WORK TASK: Write out exactly the lines that run from the one containing "Tabla de Corte" to the end of the entries below, with both end lines included.

===

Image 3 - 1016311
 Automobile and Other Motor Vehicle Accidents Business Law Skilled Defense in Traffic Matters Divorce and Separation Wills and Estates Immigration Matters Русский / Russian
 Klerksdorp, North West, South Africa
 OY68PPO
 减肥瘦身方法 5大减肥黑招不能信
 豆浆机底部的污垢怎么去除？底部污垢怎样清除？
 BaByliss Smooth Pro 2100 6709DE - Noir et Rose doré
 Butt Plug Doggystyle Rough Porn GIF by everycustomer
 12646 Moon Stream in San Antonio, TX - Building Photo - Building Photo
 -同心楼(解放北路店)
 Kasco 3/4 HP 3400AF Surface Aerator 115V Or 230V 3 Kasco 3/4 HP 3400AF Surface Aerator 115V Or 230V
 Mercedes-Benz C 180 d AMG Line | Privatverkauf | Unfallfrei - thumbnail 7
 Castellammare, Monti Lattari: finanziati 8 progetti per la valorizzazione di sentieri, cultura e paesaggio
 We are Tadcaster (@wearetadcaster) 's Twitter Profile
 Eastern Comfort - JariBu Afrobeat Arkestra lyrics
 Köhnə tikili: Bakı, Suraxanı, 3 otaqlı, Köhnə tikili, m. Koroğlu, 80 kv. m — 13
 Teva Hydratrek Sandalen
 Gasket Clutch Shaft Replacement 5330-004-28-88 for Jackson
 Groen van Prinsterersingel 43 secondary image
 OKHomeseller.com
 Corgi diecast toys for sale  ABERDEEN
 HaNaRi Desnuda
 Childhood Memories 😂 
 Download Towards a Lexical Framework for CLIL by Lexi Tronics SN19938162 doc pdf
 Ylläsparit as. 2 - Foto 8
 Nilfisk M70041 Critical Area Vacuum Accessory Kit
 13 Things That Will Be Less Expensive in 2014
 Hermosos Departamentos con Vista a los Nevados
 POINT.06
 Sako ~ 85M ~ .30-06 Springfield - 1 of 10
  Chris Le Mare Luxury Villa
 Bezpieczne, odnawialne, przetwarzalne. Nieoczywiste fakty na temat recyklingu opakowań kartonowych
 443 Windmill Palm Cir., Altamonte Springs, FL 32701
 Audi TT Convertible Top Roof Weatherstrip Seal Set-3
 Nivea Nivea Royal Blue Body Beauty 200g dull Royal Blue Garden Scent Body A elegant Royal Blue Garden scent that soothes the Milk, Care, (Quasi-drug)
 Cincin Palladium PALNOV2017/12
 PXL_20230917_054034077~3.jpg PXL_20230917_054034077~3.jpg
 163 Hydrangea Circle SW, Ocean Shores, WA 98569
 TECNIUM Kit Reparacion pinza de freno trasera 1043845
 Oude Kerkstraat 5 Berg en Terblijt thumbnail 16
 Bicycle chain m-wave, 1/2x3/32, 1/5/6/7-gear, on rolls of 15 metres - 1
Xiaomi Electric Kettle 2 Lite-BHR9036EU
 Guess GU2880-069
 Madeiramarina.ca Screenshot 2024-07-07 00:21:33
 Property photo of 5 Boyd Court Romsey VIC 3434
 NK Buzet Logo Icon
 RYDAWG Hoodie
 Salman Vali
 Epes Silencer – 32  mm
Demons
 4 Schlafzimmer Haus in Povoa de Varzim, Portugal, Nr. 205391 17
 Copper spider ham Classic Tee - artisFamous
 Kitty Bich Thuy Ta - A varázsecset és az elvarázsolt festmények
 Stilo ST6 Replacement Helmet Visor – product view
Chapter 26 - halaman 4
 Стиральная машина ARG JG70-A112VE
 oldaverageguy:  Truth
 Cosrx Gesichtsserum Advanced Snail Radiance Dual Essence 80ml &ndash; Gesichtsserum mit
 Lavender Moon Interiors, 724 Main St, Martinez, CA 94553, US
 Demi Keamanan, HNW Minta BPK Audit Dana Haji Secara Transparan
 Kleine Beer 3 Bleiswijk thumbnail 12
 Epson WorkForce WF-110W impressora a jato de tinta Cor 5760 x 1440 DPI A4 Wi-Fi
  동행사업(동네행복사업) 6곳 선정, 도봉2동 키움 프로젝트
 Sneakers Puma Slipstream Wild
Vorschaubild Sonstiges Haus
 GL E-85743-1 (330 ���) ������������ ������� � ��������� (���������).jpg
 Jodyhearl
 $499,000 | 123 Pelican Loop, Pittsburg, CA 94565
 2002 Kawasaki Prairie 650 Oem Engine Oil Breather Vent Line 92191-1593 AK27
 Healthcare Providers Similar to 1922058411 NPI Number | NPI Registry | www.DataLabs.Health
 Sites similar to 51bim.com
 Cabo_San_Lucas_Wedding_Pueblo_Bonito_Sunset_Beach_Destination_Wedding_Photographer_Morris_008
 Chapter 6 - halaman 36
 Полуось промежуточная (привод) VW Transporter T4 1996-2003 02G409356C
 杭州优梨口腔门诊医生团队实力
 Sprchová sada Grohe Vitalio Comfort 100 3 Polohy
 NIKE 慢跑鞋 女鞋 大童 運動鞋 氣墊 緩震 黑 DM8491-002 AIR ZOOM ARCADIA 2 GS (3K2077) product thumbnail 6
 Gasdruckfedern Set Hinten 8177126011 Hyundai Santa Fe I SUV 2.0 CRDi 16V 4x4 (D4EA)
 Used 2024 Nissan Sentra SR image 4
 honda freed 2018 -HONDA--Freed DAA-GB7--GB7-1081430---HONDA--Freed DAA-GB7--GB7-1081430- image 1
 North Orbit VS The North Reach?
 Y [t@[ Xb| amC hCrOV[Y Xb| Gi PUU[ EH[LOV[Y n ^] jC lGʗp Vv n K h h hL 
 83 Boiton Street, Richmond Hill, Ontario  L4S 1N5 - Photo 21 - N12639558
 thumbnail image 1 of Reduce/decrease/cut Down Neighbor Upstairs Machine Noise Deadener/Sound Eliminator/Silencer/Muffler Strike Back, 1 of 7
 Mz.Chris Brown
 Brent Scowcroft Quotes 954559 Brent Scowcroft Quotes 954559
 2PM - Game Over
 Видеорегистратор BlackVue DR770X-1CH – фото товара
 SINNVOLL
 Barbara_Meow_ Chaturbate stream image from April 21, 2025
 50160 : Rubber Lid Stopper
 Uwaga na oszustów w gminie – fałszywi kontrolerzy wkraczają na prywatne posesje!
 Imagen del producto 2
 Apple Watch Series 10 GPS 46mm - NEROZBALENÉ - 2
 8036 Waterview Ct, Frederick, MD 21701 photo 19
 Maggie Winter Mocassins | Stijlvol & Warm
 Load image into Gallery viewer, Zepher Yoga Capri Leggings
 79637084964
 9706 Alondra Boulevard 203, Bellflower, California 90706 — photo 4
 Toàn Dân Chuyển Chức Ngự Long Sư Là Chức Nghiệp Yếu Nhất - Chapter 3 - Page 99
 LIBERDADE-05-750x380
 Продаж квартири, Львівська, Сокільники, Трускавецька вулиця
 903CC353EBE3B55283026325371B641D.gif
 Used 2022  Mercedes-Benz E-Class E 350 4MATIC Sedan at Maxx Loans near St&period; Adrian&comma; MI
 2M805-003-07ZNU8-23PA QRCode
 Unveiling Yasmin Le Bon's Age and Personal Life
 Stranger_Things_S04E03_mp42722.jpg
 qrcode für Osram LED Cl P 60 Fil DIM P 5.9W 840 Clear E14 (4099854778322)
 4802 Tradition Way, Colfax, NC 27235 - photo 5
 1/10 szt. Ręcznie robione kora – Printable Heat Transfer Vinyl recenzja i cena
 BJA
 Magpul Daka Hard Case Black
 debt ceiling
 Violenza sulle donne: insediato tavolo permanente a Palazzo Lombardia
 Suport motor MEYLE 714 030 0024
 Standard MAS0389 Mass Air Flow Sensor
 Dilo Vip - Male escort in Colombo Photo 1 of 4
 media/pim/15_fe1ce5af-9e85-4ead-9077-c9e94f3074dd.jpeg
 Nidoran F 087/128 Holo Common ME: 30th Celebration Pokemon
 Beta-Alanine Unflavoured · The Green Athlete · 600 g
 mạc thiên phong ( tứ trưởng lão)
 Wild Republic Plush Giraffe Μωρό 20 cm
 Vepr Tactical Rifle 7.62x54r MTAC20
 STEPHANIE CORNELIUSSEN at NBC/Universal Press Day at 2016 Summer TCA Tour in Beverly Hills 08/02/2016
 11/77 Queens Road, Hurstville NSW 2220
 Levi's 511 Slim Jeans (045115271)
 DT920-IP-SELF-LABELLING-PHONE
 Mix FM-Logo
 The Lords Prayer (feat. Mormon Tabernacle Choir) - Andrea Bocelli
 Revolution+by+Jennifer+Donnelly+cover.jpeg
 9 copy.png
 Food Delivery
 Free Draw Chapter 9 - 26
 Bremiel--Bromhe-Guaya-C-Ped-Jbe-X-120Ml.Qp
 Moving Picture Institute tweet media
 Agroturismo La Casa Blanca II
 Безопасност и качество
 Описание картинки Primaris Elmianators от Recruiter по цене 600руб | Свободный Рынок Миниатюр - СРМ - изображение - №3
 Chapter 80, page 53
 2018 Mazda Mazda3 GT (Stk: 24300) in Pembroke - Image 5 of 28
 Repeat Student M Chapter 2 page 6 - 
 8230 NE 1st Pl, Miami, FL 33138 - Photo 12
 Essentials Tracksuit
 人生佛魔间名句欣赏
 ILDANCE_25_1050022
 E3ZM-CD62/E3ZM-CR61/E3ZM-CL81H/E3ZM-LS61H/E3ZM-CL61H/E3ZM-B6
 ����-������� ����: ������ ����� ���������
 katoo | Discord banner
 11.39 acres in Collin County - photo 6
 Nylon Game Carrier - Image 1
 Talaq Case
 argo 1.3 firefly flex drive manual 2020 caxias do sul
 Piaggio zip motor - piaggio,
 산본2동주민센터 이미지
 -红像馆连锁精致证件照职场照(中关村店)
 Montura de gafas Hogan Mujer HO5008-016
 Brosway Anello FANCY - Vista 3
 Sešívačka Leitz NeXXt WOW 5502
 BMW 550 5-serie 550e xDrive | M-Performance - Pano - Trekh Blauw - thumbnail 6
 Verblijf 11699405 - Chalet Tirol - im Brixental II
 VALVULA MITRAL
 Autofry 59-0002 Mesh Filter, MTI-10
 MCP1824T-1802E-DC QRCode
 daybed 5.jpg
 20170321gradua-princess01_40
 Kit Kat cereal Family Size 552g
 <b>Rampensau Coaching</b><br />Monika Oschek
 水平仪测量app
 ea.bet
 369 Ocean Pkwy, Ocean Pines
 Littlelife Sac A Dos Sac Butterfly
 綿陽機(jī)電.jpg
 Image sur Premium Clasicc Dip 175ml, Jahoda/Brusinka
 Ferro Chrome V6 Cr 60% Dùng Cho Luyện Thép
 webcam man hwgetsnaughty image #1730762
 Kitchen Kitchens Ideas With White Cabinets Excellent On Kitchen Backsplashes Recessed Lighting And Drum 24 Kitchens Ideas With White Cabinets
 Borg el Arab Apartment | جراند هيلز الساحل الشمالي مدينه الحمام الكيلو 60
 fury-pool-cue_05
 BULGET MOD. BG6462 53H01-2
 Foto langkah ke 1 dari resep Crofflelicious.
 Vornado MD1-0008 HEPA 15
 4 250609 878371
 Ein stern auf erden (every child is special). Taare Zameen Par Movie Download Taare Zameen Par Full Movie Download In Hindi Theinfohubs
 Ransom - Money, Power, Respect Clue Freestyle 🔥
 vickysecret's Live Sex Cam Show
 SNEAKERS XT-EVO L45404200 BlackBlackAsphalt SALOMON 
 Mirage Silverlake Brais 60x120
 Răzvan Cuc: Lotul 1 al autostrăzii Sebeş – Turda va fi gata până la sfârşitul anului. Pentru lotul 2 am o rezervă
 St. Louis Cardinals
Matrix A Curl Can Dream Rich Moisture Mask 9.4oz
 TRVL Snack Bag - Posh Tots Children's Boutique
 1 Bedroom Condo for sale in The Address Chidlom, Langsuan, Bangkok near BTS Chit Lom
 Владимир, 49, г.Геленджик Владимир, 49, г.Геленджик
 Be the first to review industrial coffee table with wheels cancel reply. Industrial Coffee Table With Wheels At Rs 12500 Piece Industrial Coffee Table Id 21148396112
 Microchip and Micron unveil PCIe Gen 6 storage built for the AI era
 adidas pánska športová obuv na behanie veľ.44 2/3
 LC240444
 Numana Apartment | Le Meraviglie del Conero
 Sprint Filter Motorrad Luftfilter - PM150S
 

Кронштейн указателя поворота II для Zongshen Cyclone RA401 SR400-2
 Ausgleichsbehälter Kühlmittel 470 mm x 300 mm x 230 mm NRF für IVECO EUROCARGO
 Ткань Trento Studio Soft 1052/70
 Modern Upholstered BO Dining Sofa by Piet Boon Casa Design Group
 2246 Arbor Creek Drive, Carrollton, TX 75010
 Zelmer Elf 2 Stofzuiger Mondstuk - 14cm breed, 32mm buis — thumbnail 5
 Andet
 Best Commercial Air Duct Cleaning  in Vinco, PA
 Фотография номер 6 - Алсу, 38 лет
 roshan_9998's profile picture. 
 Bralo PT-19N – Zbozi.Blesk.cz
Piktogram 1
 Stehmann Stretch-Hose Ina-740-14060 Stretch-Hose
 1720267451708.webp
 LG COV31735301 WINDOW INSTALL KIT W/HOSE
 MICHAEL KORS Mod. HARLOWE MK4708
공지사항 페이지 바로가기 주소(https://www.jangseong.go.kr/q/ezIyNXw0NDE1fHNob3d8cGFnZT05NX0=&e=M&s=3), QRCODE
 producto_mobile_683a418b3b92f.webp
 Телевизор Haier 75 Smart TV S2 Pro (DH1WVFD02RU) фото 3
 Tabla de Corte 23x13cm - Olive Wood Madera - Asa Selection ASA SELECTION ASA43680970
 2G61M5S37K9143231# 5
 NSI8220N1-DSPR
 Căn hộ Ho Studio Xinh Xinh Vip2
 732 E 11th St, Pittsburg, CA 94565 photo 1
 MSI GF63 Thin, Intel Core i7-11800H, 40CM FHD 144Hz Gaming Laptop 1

===

RESPONSE TO THIS EXERCISE:
 Tabla de Corte 23x13cm - Olive Wood Madera - Asa Selection ASA SELECTION ASA43680970
 2G61M5S37K9143231# 5
 NSI8220N1-DSPR
 Căn hộ Ho Studio Xinh Xinh Vip2
 732 E 11th St, Pittsburg, CA 94565 photo 1
 MSI GF63 Thin, Intel Core i7-11800H, 40CM FHD 144Hz Gaming Laptop 1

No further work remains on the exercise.